The Swallowtail Shawl is completed! I used two colors of Kaalund Enchante 100% silk laceweight, Silky Oak and Nectarine. Kaalund is an Australian brand, and I purchased it from Greenwich Yarn in San Francisco.
The shawl begins at the top center and is worked outward. The main body is in a Budding Lace pattern, followed by two tiers of the Lily of the Valley border and is finished with a Peaked Edging.
I'd have to say that this is a fast knit compared to other lace shawls I have made. It took less than a month to complete, and I was working on other projects as well, so I didn't work on it every day.
My best decision was made before I began. I chose two colors and wanted a subtle transition from one to the other. I wanted to achieve a "sunset" effect, and I'm pleased with the outcome.
The first part in the Budding Lace pattern is all in the color Silky Oak. The color change occurs in the first tier of the Lily of the Valley border. I knitted two rows of Silky Oak and two rows of Nectarine, then two rows of Silky Oak and two rows of Nectarine again. These two dyelots have a common golden color, so the transition was as subtle as I had hoped. I also like the way the nupps in the transition section are multicolored as a result of the color changes.
I've read about the "nupps" on various blogs. The general knitter consensus seems to be: we love how they look, but we hate making them. I think the roundness of the true nupp makes a difference. True nupps are five stitches purled together (p5tog). Slip 2, purl 3 together and pass the slipped stitches over is another way of accomplishing a nupp, but the shape is slightly different and not quite as round. See my previous post to learn how I accomplished these round nupps without going crazy.

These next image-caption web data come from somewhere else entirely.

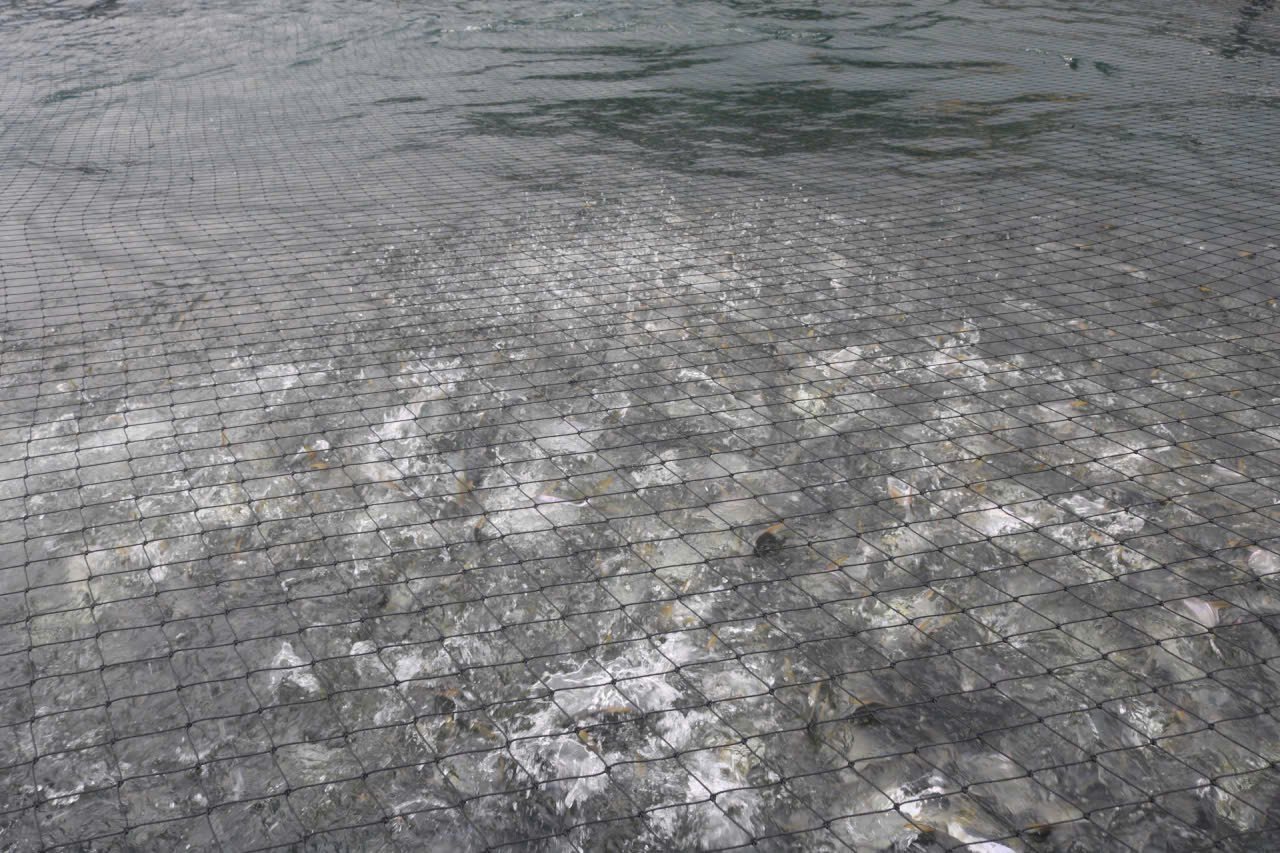 Người nuôi cho biết, nuôi cá trong lồng HDPE xa bờ giúp lớn nhanh, ít bị hao hụt do dịch bệnh. Ảnh: Kim Sơ.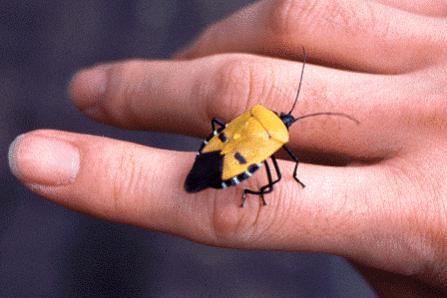 10 Bugs That Are 5,000 Times Cuter Than Puppies Or Kittens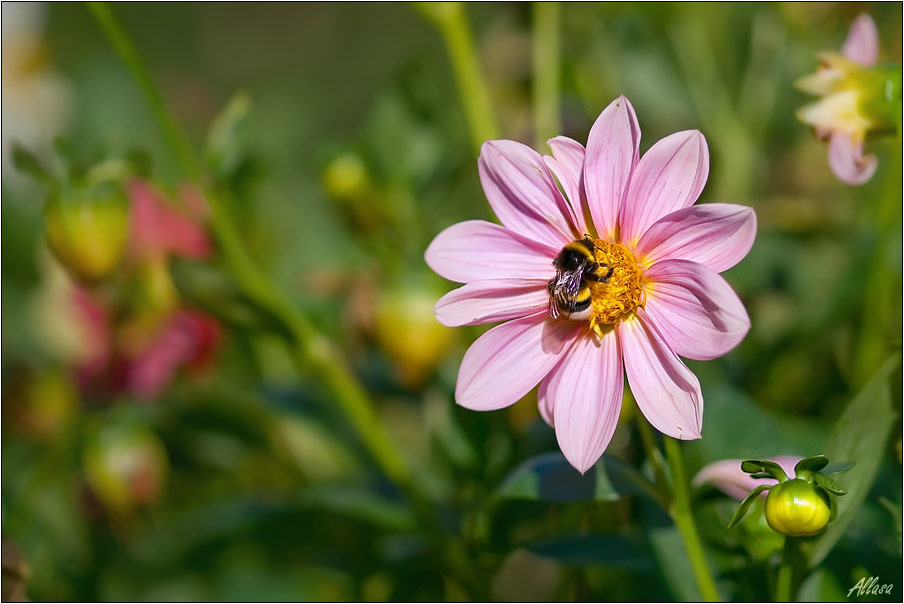 photo "***" tags: nature, flowers, insect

The second tier of Lily of the Valley and the Peaked Edging is worked completely in Nectarine.
Blocking was fast and easy. I threaded a 1/16" welding rod through the eyelets at the top edge and secured the rod to my blocking board, making sure the right and left corners were pinned down tightly and placing just a few pins under the rod to keep it straight and even. Then I pulled the bottom point down as far as it would go and pinned it to the board.

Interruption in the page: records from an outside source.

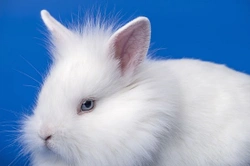 Abscesses and sores in rabbits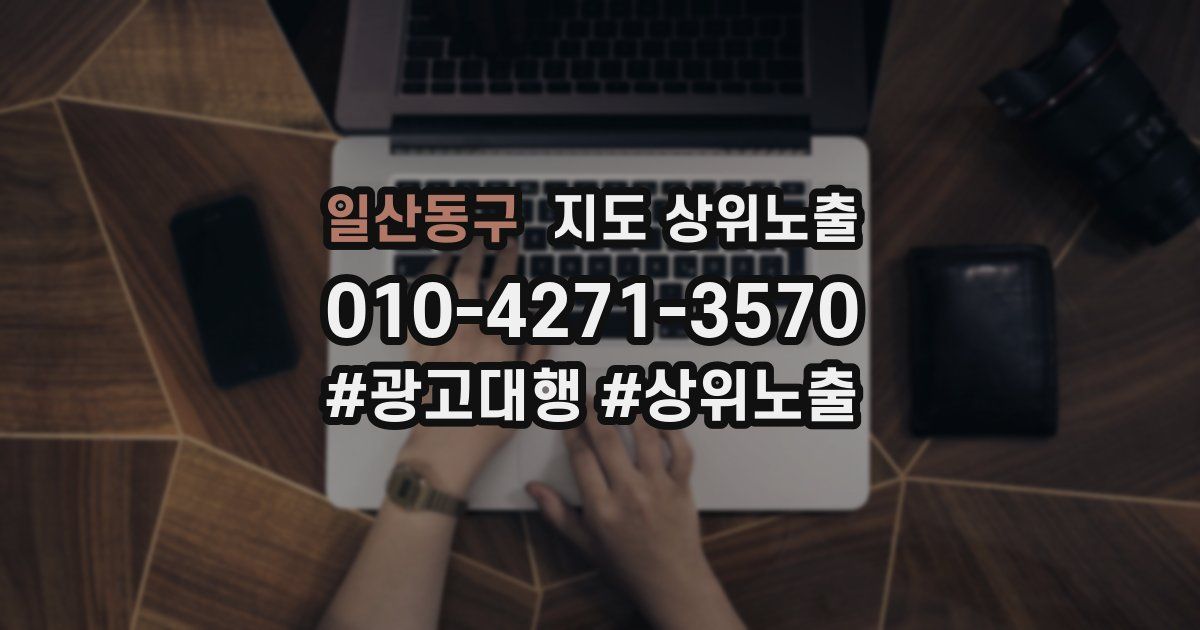 일산동구 지도 상위 노출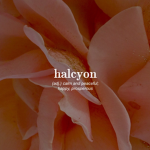 haIcyon.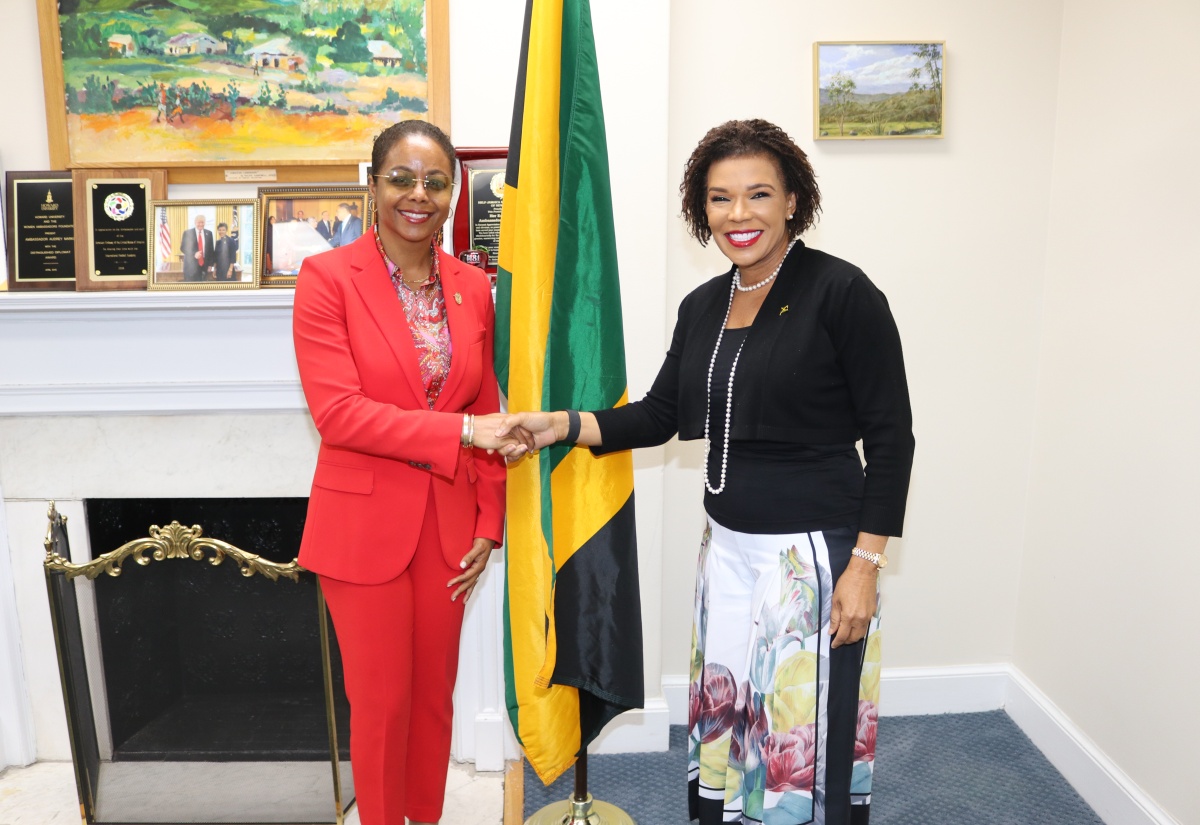 PHOTOS: Marlene Malahoo Forte Meets with Ambassador Marks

After that, I pulled the center point of one side out and pinned it, then switched to the other side and pinned the center point, stretching hard each time to open up the lace. I continued in this manner, pulling out a point on one side and the corresponding point on the other side, taking care to keep the points evenly spaced.
After every point was pinned, I went all the way around making minor adjustments to the pins, because as I stretched the lace, some points pulled a little too much to the left or right and I wanted them to point straight out.